Maar de medaille van de vooruitgang heeft wellicht ook een achterkant. Takashi Hara, politiek wetenschapper en expert op het gebied van Japanse treinen, omschreef het treffend in een interview in 2014: ‘De reistijden werden ingekort, maar ik moet toch vaststellen dat daarmee eigenlijk ook alle aangesloten steden onderdeel van Tokyo zijn geworden’. Shinkansen-lijnen kennen bovendien relatief weinig tussenstops. Dat maakt het voor mensen soms makkelijker om in het verder gelegen Tokyo te komen, dan bijvoorbeeld in de hoofdstad van de eigen prefectuur.

In Tokyo wonen nu al tientallen miljoenen mensen, maar er werken er door de shinkansen nog veel en veel meer. Sommige forensen reizen op één dag gerust zes uur om heen en weer naar het werk te gaan. Best lang dus, maar omdat de shinkansen 1) altijd op tijd en 2) bijzonder gerieflijk is, dat voor de meesten geen probleem. Bovendien betalen werkgevers die reiskosten graag. In veel steden is het daardoor overdag erg rustig; inwoners komen er alleen om te slapen.

Shinkansen krijgt weinig navolging

Wereldwijd zijn er wel andere hogesnelheidstreinen, maar de shinkansen krijgt, zeker buiten Azië, niet per se de navolging die je zou verwachten. In Europa zijn de binnenlandse afstanden vaak ook te kort en houdt de gemiddelde reiziger van de flexibiliteit van de auto. Buurlanden worden het ook vaak niet eens over de te kiezen trein en hoe dat dan aan de grenzen moet – Nederland en België worden het nauwelijks eens over een gewone trein.
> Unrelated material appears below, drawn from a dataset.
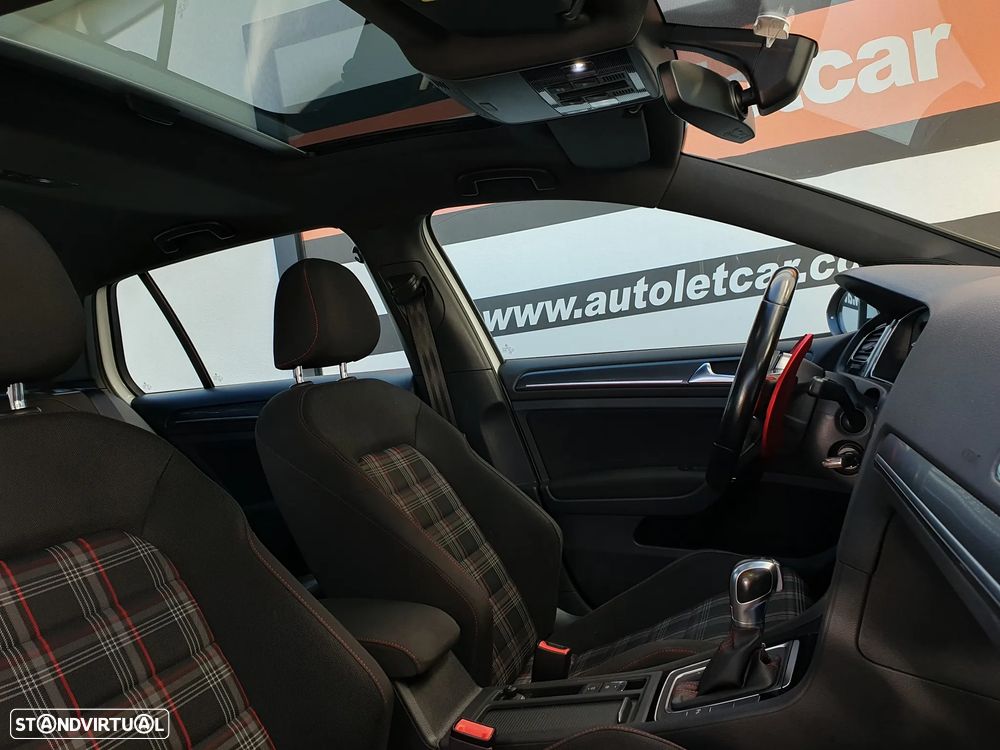VW Golf GTI 2.0 TSI OPF DSG Performance - 4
Een hogesnelheidstraject is overigens wel geprobeerd. Het intercitytraject tussen Amsterdam en Brussel was nodig aan verbetering toe, te veel stops en te weinig plaatsen. In 2012 werd een kostbaar HSL-breedspoortraject aangelegd tussen Schiphol en Antwerpen dat bereden zou gaan worden door de Fyra V250 treinstellen die liefkozend Albatrossen werden genoemd, naar de onvermoeibare duurvogels die zelden of nooit de grond aandoen. Toen echter de eerste de beste Fyra de grond wel raakte, door een bodemplaat te verliezen, spatte de droom uiteen.

In een land als de VS zou een hogesnelheidstrein wél een prima en groene uitkomst zijn, maar daar wordt gekozen voor binnenlandse vluchten. Een vliegtuig vervoert haar passagiers echter van A naar B. Tussentijds uitstappen is er (liever) niet bij. Japan heeft van elke Shinkansen meerdere varianten, om dat wel mogelijk te maken. Tussen Osaka en Tokyo zijn drie verschillende services die over hetzelfde traject sporen.

De Nozomi (のぞみ, ‘wens’ of ‘hoop’) is de snelste treindienst van A naar B die alleen stopt bij de allergrootste stations, en snelheden bereikt van 300 km/ per uur. De reis tussen Tokyo en Osaka, een afstand van 515 kilometer, duurt dan steevast slechts 2 uur en – precies! – 21 minuten. De twee andere services, de Hikari (ひかり, ‘licht’) en Kodama (こだま, ‘echo’) doen meer haltes aan.

Die terughoudendheid in verschillende buitenlanden zal zeker ook te maken hebben met de hoge aanleg- en onderhoudskosten – ruim 10 miljard mensen namen sinds 1964 een shinkansen, maar winstgevend wil de hogesnelheidstrein niet worden. Jammer wel, want een hogesnelheidstrein klinkt misschien onveilig, maar de Japanse soort bewijst het tegendeel. In ruim 50 jaar vonden slechts twee ontsporingen plaats, en dan ook nog puur en alleen omdat Japan veel aardbevingen kent. Door het speciale remsysteem kwam niemand om het leven.

Dan rest nog de vraag: waarom zijn de dagen van de E4 Max eigenlijk geteld? Het antwoord is simpel: hij kon niet meer hard genoeg. Waar shinkansen bij hun introductie nog 210 kilometer per uur reden, is de norm tegenwoordig ruim 300 kilometer per uur. De E4 Max dubbeldekker ving voor zulke snelheden teveel wind.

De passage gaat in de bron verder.